Participants claimed that demonstrating the nutritional values in products developed with grape pomace is more important than adverting to sustainability issues (related to using by-products) (25% vs. 10% of participants). In addition, suggestions regarding the development of food products indicated that alcoholic beverages such as beer seem to be a good use of by-products (33.34%) and inclusion in dairy beverages, bakery products, sweets and jams, capsule-type powder products, and juices was also mentioned.

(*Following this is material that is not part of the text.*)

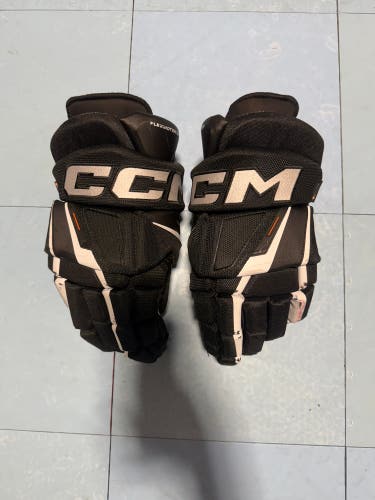 CCM Tacks XF Pro Gloves 15" (Used)
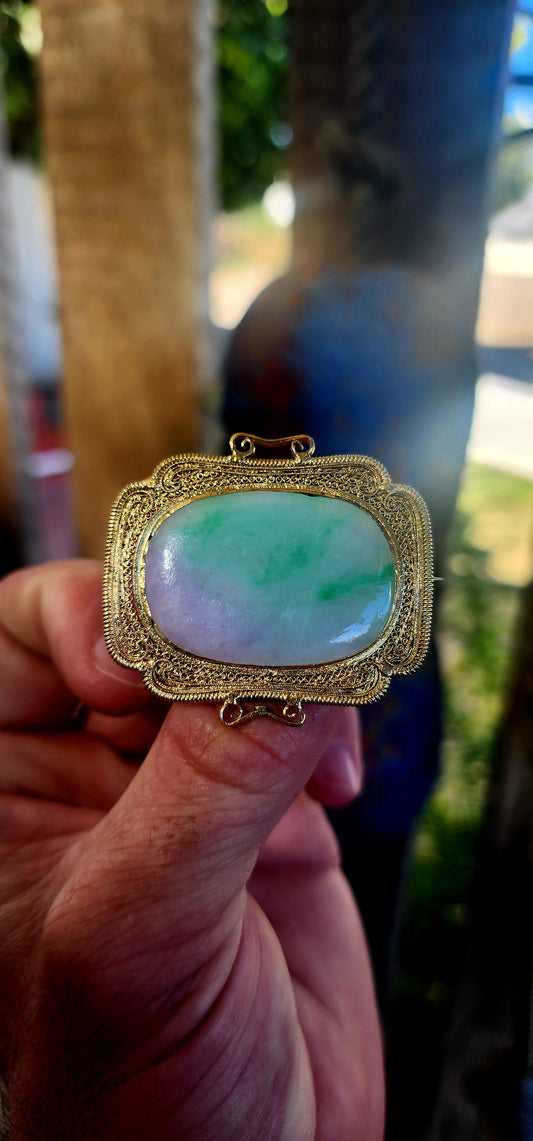 Antique Victorian Chinese Export Jadeite Brooch.An exceptional antique treasure from the Victorian era — and a remarkable example of early Chinese export craftsmanship.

Sensory analysis reveals that while flavors are crucial for the acceptance of a new beverage, precise information on nutritional value plays an equally important role in product development. Consumers increasingly seek beverages with appealing taste profiles and precise, reliable nutritional benefits. This dual focus ensures that new products meet sensory preferences and health-conscious demands, enhancing their overall market appeal and potential for success.

4. Conclusions

The study demonstrated the potential of grape pomace (GP), a by-product of grape juice production, as a valuable raw material for enhancing the bioactive properties of craft beers. Incorporating GP at 1%, 5%, and 10% (w/w) during the fermentation stage resulted in beers with higher levels of phenolic compounds, flavonoids, anthocyanins, and antioxidants, particularly at the 10% GP concentration. These bioactive compounds contribute to the health-promoting properties of the beers. Additionally, adding GP influenced the color characteristics of the beers, reducing brightness and enhancing color intensity.

Despite the benefits, increased sedimentation was observed due to GP’s higher particulate matter content. Sensory analysis revealed distinct emotional profiles associated with different GP concentrations in the beers, although participants did not significantly change their emotional responses based on information about the beneficial effects. Furthermore, participants prioritized nutritional information over sustainability considerations, suggesting a need for clear communication of the health benefits of such bioactive ingredients.

Overall, the utilization of GP in craft beer production is a promising strategy for enhancing the nutritional and sensory qualities of the beverage while also providing a sustainable solution for the disposal of grape juice by-products. This approach adds value to the final product and aligns with sustainable food production practices. Despite this, further studies are needed to investigate the production of beer with the addition of purple grape pomace on a larger scale, aiming to assess the technical and economic viability and the evaluation of shelf life.